WIUM Tristates Public Radio

Business Tax Breaks Don't Help Citizens

Jul 9, 2015

A researcher believes tax breaks that states give to corporations prove to be detrimental in the long run.  "Here's the problem: somebody has to pay," said Timothy Collins, Assistant Director of the Illinois Institute for Rural Affairs at Western Illinois University.

“When corporations come in they need facilities, they need highways, water, (and) other forms of transportation. You’re constantly giving tax breaks and the state is paying for the new infrastructure development.”

Collins authored a newly released book, Selling the State: Economic Development Policy in Kentucky. He said it’s free through the IIRA website.

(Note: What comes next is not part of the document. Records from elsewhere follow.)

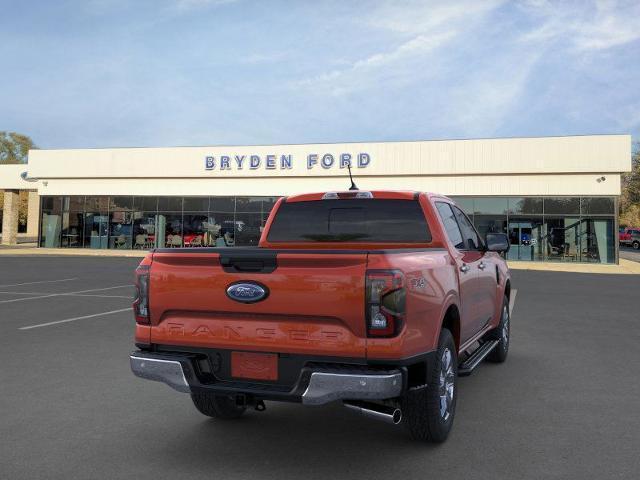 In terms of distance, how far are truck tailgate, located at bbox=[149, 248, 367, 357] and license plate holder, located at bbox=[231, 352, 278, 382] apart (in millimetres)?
58

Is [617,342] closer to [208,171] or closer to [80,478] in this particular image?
[80,478]

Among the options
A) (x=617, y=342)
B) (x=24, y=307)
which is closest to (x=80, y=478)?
(x=617, y=342)

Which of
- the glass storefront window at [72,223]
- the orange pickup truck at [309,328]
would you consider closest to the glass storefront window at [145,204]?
the glass storefront window at [72,223]

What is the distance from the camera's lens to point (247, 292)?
355cm

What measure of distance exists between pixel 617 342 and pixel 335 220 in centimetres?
525

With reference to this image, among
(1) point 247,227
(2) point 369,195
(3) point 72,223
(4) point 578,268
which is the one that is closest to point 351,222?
(2) point 369,195

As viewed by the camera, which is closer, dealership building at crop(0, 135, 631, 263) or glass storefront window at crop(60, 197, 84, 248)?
dealership building at crop(0, 135, 631, 263)

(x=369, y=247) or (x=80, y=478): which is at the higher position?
(x=369, y=247)

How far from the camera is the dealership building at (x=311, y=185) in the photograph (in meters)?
30.7

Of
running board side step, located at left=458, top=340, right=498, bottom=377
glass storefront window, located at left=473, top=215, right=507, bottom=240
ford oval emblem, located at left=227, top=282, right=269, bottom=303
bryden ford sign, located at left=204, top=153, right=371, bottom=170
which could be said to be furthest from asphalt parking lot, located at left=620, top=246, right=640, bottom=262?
ford oval emblem, located at left=227, top=282, right=269, bottom=303

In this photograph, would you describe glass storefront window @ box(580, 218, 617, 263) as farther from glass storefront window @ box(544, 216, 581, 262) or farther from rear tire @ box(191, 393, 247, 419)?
rear tire @ box(191, 393, 247, 419)

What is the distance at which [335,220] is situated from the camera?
204 inches

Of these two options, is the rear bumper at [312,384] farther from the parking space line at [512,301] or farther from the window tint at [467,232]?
the parking space line at [512,301]

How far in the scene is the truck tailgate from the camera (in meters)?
3.34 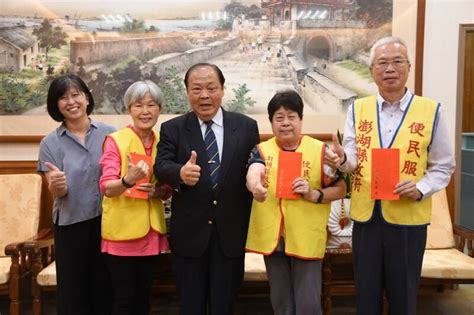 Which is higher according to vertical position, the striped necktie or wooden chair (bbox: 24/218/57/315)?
the striped necktie

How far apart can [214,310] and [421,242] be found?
2.83 feet

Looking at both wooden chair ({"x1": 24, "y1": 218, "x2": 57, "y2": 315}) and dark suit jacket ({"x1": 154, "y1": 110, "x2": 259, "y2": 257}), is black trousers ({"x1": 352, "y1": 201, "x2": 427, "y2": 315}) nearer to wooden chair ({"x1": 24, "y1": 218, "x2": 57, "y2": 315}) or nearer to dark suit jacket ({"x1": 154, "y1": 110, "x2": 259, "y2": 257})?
dark suit jacket ({"x1": 154, "y1": 110, "x2": 259, "y2": 257})

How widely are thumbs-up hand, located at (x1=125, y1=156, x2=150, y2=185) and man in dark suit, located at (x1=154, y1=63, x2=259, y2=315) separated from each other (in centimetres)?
5

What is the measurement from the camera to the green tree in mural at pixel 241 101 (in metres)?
3.02

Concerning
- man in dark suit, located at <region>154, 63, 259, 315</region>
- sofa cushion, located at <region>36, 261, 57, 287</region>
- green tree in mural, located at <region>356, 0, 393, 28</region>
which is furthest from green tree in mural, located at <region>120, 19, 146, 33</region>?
→ sofa cushion, located at <region>36, 261, 57, 287</region>

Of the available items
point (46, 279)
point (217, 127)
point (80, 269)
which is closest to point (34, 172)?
point (46, 279)

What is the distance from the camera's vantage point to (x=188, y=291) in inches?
69.8

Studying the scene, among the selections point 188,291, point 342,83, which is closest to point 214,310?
point 188,291

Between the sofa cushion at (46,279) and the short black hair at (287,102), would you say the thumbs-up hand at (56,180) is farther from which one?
the short black hair at (287,102)

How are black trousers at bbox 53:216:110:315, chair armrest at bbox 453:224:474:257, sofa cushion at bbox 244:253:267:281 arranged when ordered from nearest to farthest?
black trousers at bbox 53:216:110:315 < sofa cushion at bbox 244:253:267:281 < chair armrest at bbox 453:224:474:257

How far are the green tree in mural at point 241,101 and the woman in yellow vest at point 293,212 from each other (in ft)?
4.07

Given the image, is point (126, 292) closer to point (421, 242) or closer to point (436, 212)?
point (421, 242)

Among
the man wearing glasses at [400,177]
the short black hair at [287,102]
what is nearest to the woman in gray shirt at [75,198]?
the short black hair at [287,102]

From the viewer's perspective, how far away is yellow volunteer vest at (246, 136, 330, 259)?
1741mm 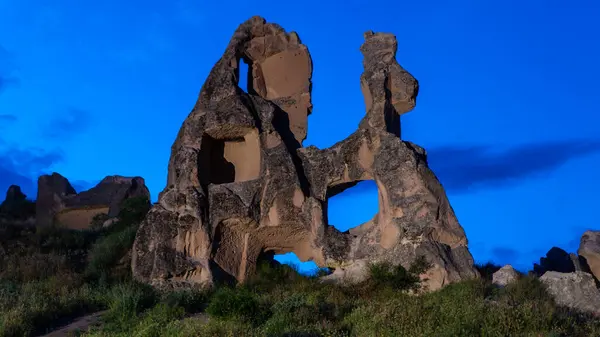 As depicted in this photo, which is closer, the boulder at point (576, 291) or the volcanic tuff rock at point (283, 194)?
the boulder at point (576, 291)

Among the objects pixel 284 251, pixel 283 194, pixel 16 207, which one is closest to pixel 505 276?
pixel 283 194

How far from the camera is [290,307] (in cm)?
1291

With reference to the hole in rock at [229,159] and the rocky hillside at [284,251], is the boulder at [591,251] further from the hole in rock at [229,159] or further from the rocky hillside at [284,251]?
the hole in rock at [229,159]

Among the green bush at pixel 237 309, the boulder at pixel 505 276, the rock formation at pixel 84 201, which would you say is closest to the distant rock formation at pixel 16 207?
the rock formation at pixel 84 201

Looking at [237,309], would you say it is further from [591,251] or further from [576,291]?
[591,251]

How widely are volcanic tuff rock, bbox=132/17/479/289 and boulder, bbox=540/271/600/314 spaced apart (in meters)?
1.78

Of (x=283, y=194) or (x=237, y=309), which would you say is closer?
(x=237, y=309)

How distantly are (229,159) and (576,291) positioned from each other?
33.7 feet

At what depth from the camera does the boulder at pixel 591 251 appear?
20828 millimetres

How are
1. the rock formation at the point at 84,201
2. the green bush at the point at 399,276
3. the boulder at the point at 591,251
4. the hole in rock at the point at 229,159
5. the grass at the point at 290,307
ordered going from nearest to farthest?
the grass at the point at 290,307
the green bush at the point at 399,276
the hole in rock at the point at 229,159
the boulder at the point at 591,251
the rock formation at the point at 84,201

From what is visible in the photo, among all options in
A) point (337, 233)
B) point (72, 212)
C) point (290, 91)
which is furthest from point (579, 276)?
point (72, 212)

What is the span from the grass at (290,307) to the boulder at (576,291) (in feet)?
1.30

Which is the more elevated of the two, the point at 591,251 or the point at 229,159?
the point at 229,159

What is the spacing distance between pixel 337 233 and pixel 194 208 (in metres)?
3.72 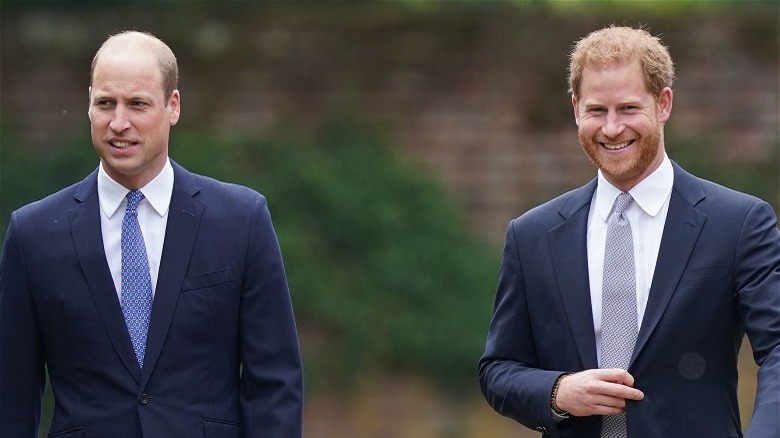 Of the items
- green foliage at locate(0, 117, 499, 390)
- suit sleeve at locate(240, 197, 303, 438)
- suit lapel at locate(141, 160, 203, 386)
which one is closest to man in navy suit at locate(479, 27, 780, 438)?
suit sleeve at locate(240, 197, 303, 438)

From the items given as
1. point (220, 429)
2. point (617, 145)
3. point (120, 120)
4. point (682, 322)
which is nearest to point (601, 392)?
point (682, 322)

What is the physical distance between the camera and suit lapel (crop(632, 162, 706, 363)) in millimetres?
3920

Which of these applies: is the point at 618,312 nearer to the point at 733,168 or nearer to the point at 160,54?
the point at 160,54

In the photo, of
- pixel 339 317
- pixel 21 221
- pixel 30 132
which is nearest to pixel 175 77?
pixel 21 221

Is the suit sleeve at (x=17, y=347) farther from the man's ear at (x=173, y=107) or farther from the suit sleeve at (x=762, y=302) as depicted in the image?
the suit sleeve at (x=762, y=302)

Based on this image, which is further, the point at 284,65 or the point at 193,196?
the point at 284,65

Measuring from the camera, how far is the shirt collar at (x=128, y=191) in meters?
4.23

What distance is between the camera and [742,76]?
8.65 metres

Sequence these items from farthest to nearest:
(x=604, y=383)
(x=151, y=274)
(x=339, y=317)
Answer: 1. (x=339, y=317)
2. (x=151, y=274)
3. (x=604, y=383)

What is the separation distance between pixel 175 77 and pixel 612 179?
51.4 inches

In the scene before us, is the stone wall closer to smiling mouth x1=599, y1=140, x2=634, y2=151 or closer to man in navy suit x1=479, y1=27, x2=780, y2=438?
man in navy suit x1=479, y1=27, x2=780, y2=438

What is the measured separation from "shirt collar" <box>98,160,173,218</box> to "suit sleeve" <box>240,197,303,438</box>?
0.27 m

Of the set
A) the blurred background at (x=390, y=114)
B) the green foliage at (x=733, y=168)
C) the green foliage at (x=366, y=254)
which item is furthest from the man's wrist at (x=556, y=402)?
the green foliage at (x=733, y=168)

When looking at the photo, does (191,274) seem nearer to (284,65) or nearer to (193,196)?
(193,196) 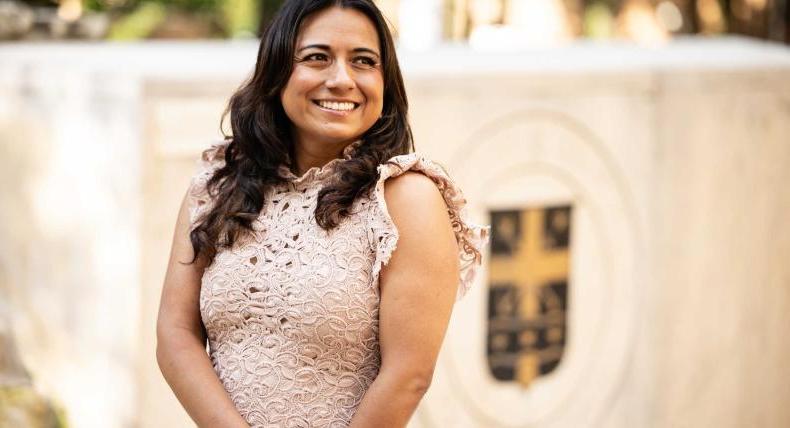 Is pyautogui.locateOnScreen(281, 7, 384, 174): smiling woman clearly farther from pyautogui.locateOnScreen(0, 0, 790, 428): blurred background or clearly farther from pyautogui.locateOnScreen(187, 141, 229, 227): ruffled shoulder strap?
pyautogui.locateOnScreen(0, 0, 790, 428): blurred background

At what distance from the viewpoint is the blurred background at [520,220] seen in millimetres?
3869

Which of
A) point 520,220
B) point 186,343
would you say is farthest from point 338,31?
point 520,220

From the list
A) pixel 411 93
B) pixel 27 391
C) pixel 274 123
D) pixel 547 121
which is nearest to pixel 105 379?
pixel 27 391

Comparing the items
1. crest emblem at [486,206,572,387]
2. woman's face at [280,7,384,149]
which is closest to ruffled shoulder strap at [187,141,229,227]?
woman's face at [280,7,384,149]

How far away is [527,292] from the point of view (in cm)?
456

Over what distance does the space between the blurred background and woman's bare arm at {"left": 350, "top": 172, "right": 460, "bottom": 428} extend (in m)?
1.84

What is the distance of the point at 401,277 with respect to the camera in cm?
189

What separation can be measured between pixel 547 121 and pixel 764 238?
3.93 ft

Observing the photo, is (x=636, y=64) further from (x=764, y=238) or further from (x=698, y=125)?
(x=764, y=238)

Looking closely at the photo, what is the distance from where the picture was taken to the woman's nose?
194 cm

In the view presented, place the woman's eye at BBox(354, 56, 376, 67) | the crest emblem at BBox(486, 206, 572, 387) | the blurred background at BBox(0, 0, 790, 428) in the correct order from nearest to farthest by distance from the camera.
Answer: the woman's eye at BBox(354, 56, 376, 67)
the blurred background at BBox(0, 0, 790, 428)
the crest emblem at BBox(486, 206, 572, 387)

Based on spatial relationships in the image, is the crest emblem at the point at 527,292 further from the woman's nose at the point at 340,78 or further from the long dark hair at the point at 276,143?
the woman's nose at the point at 340,78

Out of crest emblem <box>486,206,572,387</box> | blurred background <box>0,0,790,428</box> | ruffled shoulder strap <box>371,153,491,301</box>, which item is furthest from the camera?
crest emblem <box>486,206,572,387</box>

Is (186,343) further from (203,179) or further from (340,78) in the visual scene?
(340,78)
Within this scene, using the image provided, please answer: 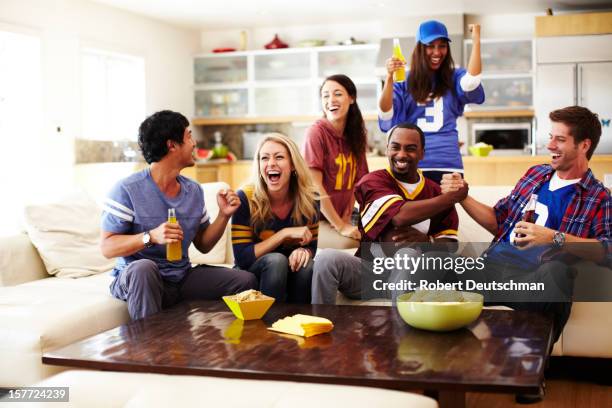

Collins said he chose to study Kentucky’s economic policies because they remained fairly consistent during the latter half of the 20th Century, even through changes in the governor’s office and the legislature.

He said Kentucky was one of the first states to start giving assistance to businesses through loans and tax breaks. He said Kentucky eventually instituted a sales tax to help cover the costs.

Timothy Collins' book examines a state's economic development policies from the 1950s to the 1990s.

“A sales tax is naturally regressive. It falls harder on people of lower income than it does on those of higher income,” Collins said.

“So when that was done, and with taxes on necessities such as food and medical items and the like, the working people of Kentucky had to pay for this development.”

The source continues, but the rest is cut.